Healthy Poke aimed to reduce manual tasks associated with extracting and consolidating data from various sources, including Revo, Gstock, Deliverex, and Excel files.
Prior to implementing the solution, the company spent significant time centralizing and transforming sales data to generate informative pivot tables.
The proposed solution automated these processes, creating an information schema in a cloud warehouse and facilitating the development of an interactive dashboard for agile monitoring of key business metrics. This resulted in a significant reduction in data preparation times and manual errors while enabling easy incorporation of new data sources.
Before Implementation
The company dedicated considerable time to the manual collection and transformation of data, hindering agile analysis.
Handling Excel files and manually entering data increased the risk of errors.
The lack of a centralized system made it difficult to incorporate new data sources and create new metrics, limiting opportunities.
Key Improvements
An automated system was implemented for extracting, transforming, and loading (ETL) data, drastically reducing times.
The creation of a centralized database allows for storing information from different sources.

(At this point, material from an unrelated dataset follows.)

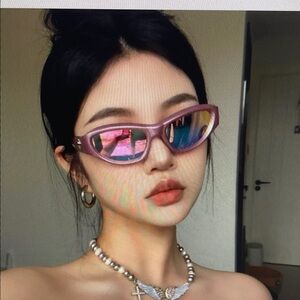 Trendy Purple Sunglasses for Women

The development of a data portal provides intuitive and accessible visualizations of key business metrics, improving decision-making.
Project Overview
1.
Process Review
Held meetings with Healthy Poke to understand their manual data processes and key reporting needs, focusing on reducing time spent on manual data consolidation from Revo, Gstock, and Excel.
2.
Solution Design
Designed an automated ETL system using Google Cloud Functions, Python, and BigQuery to centralize data from multiple sources, ensuring scalability for future needs.
3.
ETL Implementation
Automated data extraction and transformation from Revo and Gstock, using Python for data cleaning, adding columns, and transposing data, then ingested into BigQuery for further analysis.
4.
Portal implementation
Built an interactive data portal to provide real-time insights, enabling flexible analysis through filters for period, location, cluster, and category, replacing manual reporting with agile, automated access to business metrics.
Python
BigQuery
Google Cloud Platform
Looker
Technologies used
Juan Uribe
CEO - Healthy Poke
"This project has transformed how we manage our data. Tasks that used to take hours are now automated, saving us time and improving accuracy. The interactive dashboard gives us real-time insights into our operations, making decision-making faster and more informed. The scalability of the solution also allows us to grow effortlessly, adding new data sources and metrics as needed."